DeepInfer: store models on cloud and run locally in docker container
TOMAAT: store and run models on cloud
SlicerIGT: real-time segmentation of 2D ultrasound image streams, train and run models locally
Chest imaging platform: work in progress? does not seem to be integrated in the public repository yet

Related efforts:

NiftyNet
MITK-Diffusion: contains deep learning based tractography module (requires manual python installation and only works on Linux)
DLTK: directly implemented on top of TensorFlow (not on top of Keras or pytorch)
netharn: Parameterized fit and prediction harnesses for pytorch.
- This project focuses on deploying pytorch models.
- It was initially developed at Kitware.
- Instead of simply introspecting a single file to extract code for your model, it is able to recursively pull code from external modules in order to ensure that the exported model topology is truly standalone and not dependent on whatever tool was used to train it.
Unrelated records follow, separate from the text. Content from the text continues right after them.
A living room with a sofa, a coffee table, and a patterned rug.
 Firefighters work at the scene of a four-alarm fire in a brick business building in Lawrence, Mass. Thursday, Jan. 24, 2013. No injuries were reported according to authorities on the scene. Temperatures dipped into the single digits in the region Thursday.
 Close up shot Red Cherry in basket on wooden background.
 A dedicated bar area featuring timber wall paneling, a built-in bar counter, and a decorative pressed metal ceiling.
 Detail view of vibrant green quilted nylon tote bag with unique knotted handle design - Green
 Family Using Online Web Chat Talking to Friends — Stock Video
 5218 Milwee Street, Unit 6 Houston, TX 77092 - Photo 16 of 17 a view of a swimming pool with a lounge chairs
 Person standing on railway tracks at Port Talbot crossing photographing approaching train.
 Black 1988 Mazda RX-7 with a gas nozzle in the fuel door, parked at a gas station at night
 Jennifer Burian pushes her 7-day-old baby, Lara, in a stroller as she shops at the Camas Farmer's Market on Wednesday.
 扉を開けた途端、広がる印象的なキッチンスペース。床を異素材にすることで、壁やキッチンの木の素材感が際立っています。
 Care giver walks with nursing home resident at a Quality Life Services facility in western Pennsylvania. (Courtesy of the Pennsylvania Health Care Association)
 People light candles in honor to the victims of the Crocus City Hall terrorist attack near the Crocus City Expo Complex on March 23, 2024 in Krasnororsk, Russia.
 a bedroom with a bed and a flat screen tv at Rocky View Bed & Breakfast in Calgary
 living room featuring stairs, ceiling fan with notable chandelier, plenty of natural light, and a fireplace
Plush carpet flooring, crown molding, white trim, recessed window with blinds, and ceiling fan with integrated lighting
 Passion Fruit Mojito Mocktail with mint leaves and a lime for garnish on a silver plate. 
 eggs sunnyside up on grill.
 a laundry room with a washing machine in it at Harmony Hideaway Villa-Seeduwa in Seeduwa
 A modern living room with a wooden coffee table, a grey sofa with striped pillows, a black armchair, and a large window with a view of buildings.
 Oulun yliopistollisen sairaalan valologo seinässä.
- Note that the current internal version (0.1.5: pending public release) contains a more powerful version of the existing public (0.1.1) export and deploy code.
- For questions, jon.crall@kitware.com, jcfr@kitware.com
Girder
- Girder is both a standalone application and a platform for building new web services and could be leveraged to support sharing of both data and deployed models.
- For questions, michael.grauer@kitware.com, jcfr@kitware.com
DIVA Platform for Annotating Activities and Objects in Video
- For questions, michael.grauer@kitware.com, jcfr@kitware.com
- Poster available here.
- This is along the lines of annotation creation, display, inter annotator agreement, spatiotemporal clustering, audits, workflows, crowdsourcing, cloud hosting with scalability and availability.